= Call signs in the United Kingdom =

Call signs in United Kingdom include a three letter country code, and a series of letters and numbers.

Call signs are regulated internationally by the ITU as well as nationally in the UK by the Office of Communications (Ofcom). It regulates amateur radio in the country as an independent regulator and competition authority for the UK communications industries, with responsibilities across television, radio, telecommunications and wireless communications services. It assigns call signs, issues amateur radio licences, allots frequency spectrum, and monitors the radio waves. Ofcom is no longer responsible for setting and conducting amateur radio exams, which are now run by the Radio Society of Great Britain on their behalf.

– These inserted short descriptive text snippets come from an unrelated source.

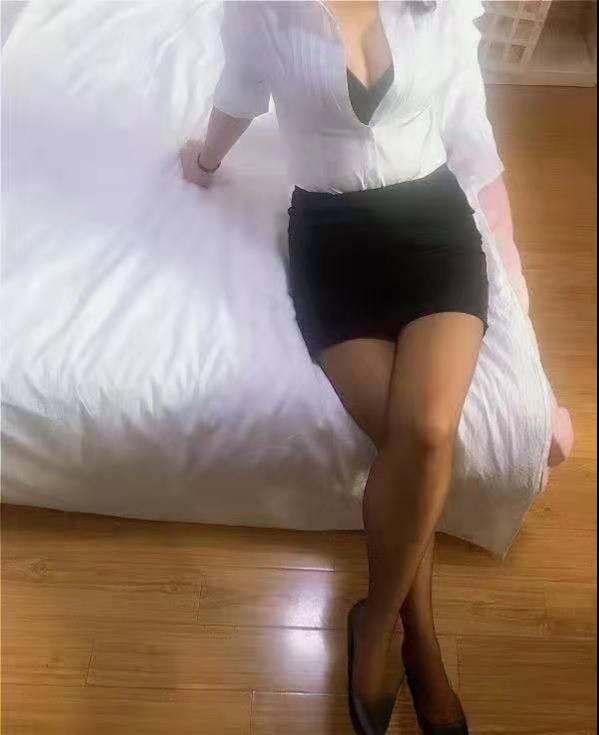 OL黑丝高跟-51约啪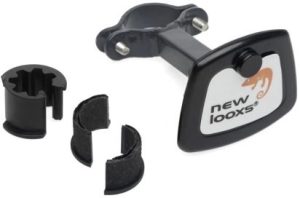 New Looxs Vorbau Halterung Smart-Lock-System
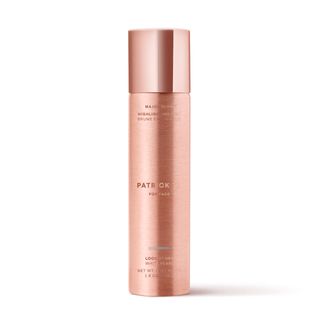 Patrick Ta Beauty + Major Glow Highlighting Mist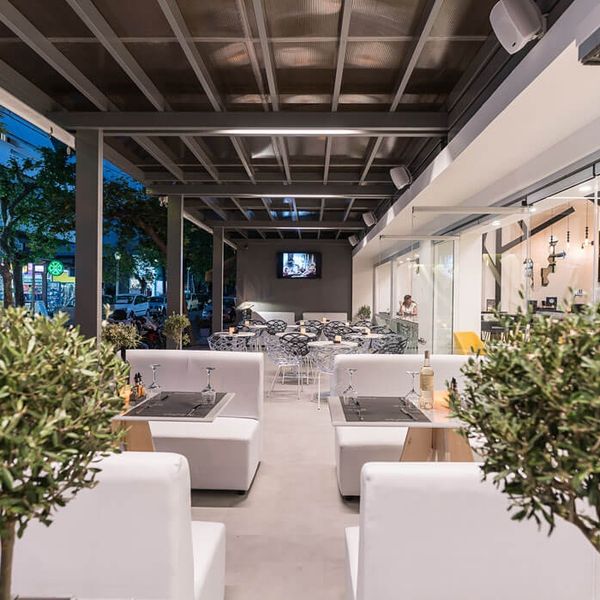 City Center (Rodos)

The Radio Society of Great Britain (RSGB) is the United Kingdom's recognised national society for amateur radio operators. The society's former patron was Prince Philip, Duke of Edinburgh, and it represents the interests of the UK's licensed radio amateurs.

==Call sign blocks for telecommunication==
The International Telecommunication Union has assigned the United Kingdom the following call sign blocks for all radio communication, broadcasting or transmission:

| Call sign block | Principal use |
|---|---|
| GAA–GZZ | domestic |
| MAA–MZZ | domestic |
| VPA–VQZ | Oceanic islands, Antarctica |
| VSA–VSZ |  |
| ZBA–ZJZ | Gibraltar, Middle East, south Atlantic |
| ZNA–ZOZ |  |
| ZQA–ZQZ |  |
| 2AA–2ZZ | domestic |

While not directly related to call signs, the International Telecommunication Union (ITU) further has divided all countries assigned amateur radio prefixes into three regions; the United Kingdom is located in ITU Region 1.

===Assignments===
These are callsigns of BBC Regional transmitters in the years prior to World War II.

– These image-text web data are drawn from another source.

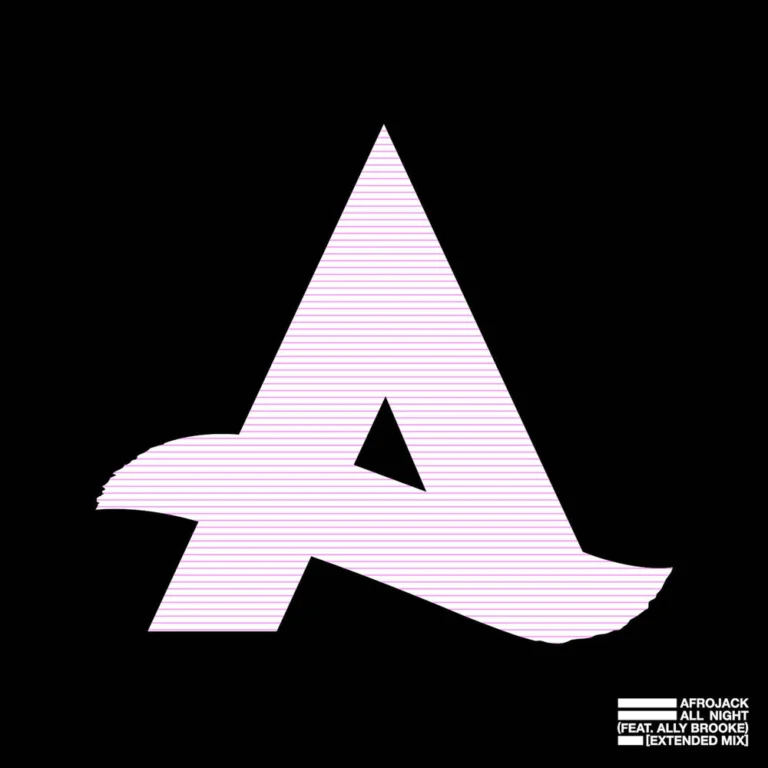 AFROJACK ft. Ally Brooke – All Night (Extended Mix)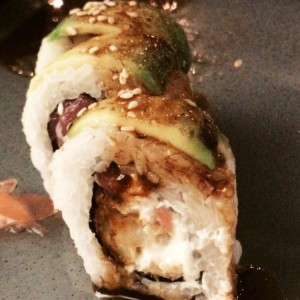 Makis Roll - Avocado Maki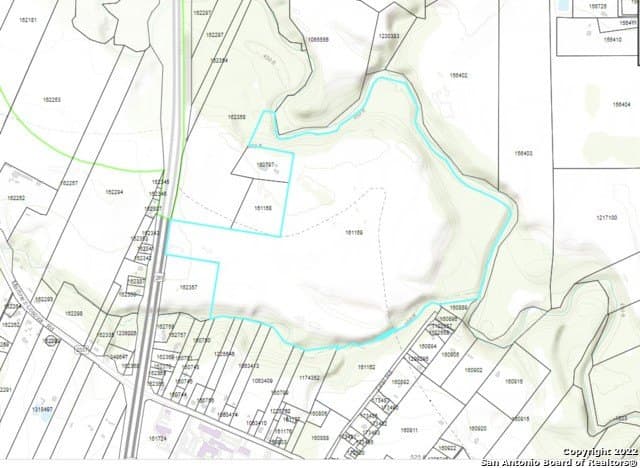 149 acres in Bexar County - photo 2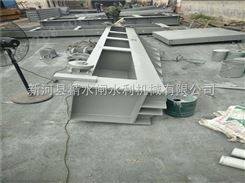 徐州不锈钢渠道闸门闸门与启闭设备水工机械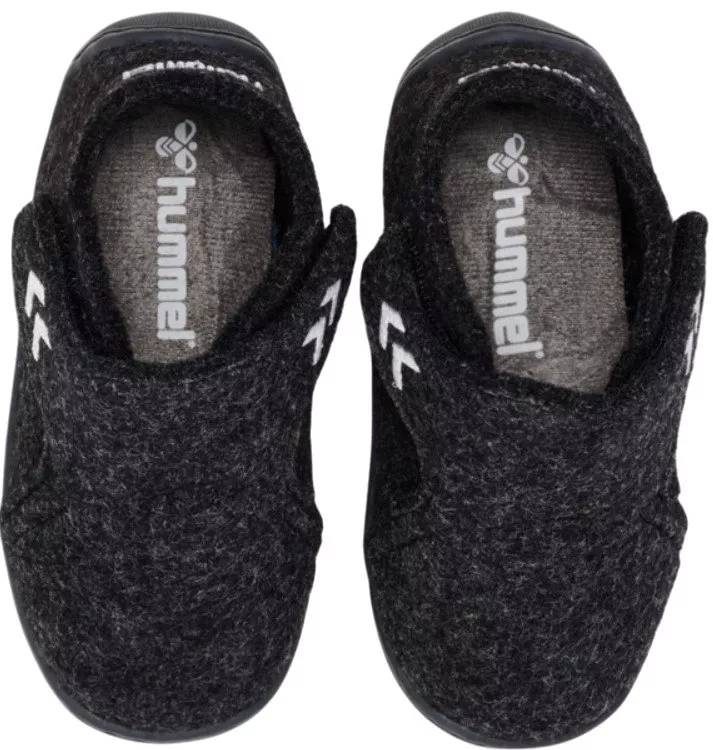 Zapatillas Hummel WOOL SLIPPER KINDER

| Country prefix | Call sign | Location |
|---|---|---|
| GBR | G5XX 2 | Droitwich |
| GBR | G5SC | Westerglen |
| GBR | G5NO | Newcastle upon Tyne |
| GBR | G2EH | Edinburgh |
| GBR | G5PY | Plymouth |
| GBR | G5SX | Swansea |
| GBR | G5GB | Droitwich |
| GBR | G2BD | Redmoss |
| GBR | G5NO | Stagshaw |
| GBR | G2BE | Lisnagarvey |
| GBR | G2LO 1 | London |
| GBR | G2LS | Leeds |
| GBR | G5PY | Plymouth |
| GBR | G5WA 3 | Washford |
| GBR | G2LO 1 | Brookmans Park |
| GBR | G6BM | Clevedon |
| GBR | G2ZY | Moorside Edge |
| GBR | G6FL | Sheffield |
| GBR | G6BM | Bournemouth |
| GBR | G2DE | Dundee |
| GBR | G5SC | Glasgow |
| GBR | G6KH | Kingston upon Hull |
| GBR | G6ST | Stoke on Trent |
| GBR | G5NG | Nottingham |
| GBR | G5IT | Birmingham |
| GBR | G6LV | Liverpool |

==Call sign assignments for amateur radio==

Amateur radio or ham radio call signs are unique identifiers for the 75,000 licensed operators. Ofcom allots the individual call signs to the amateurs it licences. Call signs are the property of Ofcom even when assigned.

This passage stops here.